▸ **WHAT YOU ARE ASKED TO DO**
In the entries below, the word "Size" appears on some lines. Copy each of those lines.

---------- DATA PROVIDED ----------

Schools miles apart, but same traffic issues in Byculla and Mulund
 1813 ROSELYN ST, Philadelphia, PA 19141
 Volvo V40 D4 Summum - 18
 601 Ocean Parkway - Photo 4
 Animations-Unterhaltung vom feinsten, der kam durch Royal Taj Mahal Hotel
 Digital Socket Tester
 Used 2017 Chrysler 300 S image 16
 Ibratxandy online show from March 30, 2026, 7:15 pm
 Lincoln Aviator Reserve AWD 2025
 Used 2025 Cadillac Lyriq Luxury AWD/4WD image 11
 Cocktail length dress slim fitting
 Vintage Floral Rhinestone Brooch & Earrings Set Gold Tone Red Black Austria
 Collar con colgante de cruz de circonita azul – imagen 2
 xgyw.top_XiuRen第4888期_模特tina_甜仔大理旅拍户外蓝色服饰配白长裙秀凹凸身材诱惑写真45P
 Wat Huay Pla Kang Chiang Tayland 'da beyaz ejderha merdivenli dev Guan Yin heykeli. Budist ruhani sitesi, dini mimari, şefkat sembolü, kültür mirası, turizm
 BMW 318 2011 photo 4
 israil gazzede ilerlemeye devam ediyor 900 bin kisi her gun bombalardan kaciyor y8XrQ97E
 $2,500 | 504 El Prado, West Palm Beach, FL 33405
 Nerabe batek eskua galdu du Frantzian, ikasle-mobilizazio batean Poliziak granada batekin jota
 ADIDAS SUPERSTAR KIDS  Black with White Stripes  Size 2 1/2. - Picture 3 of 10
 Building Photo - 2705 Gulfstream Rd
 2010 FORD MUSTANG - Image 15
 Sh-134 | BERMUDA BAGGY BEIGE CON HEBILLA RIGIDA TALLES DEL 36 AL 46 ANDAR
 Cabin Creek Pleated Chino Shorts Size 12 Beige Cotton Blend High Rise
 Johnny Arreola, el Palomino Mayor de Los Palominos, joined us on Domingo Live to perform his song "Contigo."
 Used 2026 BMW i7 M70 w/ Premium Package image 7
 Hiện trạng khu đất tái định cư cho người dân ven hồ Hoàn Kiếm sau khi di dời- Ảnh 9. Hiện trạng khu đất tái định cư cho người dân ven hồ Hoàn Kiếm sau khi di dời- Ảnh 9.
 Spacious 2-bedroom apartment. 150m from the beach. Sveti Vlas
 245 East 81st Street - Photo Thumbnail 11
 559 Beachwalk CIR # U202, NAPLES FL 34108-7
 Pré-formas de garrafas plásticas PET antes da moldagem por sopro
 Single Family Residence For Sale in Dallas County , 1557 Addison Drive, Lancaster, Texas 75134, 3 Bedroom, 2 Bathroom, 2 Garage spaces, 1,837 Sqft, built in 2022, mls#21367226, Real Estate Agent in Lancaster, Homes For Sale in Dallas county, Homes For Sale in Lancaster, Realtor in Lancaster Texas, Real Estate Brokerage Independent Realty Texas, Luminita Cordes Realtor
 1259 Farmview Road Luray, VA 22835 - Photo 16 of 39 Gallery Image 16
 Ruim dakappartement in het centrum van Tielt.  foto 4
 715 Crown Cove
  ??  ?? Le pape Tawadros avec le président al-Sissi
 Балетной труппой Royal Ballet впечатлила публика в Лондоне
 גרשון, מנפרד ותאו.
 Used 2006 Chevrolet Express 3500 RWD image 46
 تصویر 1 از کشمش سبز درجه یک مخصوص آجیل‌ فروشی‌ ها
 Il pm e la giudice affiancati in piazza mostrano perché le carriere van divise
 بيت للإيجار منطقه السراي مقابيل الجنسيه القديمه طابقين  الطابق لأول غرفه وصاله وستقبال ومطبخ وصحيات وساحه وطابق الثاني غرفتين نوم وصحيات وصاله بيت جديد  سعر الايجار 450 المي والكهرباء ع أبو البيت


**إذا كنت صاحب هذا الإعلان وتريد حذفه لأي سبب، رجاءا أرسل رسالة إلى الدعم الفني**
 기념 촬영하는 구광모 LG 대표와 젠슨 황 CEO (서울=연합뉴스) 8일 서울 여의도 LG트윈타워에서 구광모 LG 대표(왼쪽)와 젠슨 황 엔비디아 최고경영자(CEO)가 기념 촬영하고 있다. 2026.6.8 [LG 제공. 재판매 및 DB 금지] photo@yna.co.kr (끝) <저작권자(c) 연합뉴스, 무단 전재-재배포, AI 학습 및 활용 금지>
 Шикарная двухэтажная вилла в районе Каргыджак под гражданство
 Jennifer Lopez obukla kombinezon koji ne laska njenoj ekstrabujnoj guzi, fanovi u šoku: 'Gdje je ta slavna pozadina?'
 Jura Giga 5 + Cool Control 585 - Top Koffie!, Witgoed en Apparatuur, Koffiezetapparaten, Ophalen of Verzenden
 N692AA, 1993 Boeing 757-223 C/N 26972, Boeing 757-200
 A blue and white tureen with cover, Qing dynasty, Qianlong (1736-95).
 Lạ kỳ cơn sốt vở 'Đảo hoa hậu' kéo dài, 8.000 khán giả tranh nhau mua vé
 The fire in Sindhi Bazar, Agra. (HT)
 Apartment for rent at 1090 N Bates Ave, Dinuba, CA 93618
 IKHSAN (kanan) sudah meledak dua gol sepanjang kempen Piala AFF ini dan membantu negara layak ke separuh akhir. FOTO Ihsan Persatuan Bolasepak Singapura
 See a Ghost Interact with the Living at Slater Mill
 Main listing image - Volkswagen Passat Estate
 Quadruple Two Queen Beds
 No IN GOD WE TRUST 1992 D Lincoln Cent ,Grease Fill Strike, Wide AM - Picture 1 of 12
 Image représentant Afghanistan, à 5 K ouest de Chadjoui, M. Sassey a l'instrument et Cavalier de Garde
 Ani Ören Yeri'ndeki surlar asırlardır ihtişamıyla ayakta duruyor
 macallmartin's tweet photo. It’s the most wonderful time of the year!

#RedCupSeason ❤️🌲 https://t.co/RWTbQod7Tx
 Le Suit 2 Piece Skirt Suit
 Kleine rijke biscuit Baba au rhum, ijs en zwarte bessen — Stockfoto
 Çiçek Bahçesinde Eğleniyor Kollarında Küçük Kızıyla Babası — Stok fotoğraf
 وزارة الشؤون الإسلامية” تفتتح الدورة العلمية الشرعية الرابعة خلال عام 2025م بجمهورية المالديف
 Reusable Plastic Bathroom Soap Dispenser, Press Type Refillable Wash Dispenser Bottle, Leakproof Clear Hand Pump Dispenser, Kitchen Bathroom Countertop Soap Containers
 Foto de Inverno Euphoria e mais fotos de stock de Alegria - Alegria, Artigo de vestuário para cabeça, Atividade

----------

▸ **ANSWER TO THIS PROBLEM**
 ADIDAS SUPERSTAR KIDS  Black with White Stripes  Size 2 1/2. - Picture 3 of 10
 Cabin Creek Pleated Chino Shorts Size 12 Beige Cotton Blend High Rise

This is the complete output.